- Brief
What is needed is an exact copy of all the entries below.

== Information

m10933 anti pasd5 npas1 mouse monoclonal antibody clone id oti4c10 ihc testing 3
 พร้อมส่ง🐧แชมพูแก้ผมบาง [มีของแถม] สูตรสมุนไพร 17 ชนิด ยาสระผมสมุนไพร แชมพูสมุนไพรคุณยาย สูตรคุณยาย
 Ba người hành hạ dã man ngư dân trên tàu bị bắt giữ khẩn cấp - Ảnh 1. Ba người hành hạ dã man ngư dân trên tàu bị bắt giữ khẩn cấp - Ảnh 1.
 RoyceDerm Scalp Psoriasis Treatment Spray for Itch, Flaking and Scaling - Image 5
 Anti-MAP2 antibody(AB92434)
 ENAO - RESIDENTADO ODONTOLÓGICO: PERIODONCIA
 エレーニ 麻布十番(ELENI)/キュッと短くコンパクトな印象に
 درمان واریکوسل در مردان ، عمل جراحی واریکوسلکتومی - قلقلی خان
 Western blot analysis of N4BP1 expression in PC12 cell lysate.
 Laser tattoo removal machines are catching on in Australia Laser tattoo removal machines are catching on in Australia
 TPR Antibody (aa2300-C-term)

====

- Written solution
m10933 anti pasd5 npas1 mouse monoclonal antibody clone id oti4c10 ihc testing 3
 พร้อมส่ง🐧แชมพูแก้ผมบาง [มีของแถม] สูตรสมุนไพร 17 ชนิด ยาสระผมสมุนไพร แชมพูสมุนไพรคุณยาย สูตรคุณยาย
 Ba người hành hạ dã man ngư dân trên tàu bị bắt giữ khẩn cấp - Ảnh 1. Ba người hành hạ dã man ngư dân trên tàu bị bắt giữ khẩn cấp - Ảnh 1.
 RoyceDerm Scalp Psoriasis Treatment Spray for Itch, Flaking and Scaling - Image 5
 Anti-MAP2 antibody(AB92434)
 ENAO - RESIDENTADO ODONTOLÓGICO: PERIODONCIA
 エレーニ 麻布十番(ELENI)/キュッと短くコンパクトな印象に
 درمان واریکوسل در مردان ، عمل جراحی واریکوسلکتومی - قلقلی خان
 Western blot analysis of N4BP1 expression in PC12 cell lysate.
 Laser tattoo removal machines are catching on in Australia Laser tattoo removal machines are catching on in Australia
 TPR Antibody (aa2300-C-term)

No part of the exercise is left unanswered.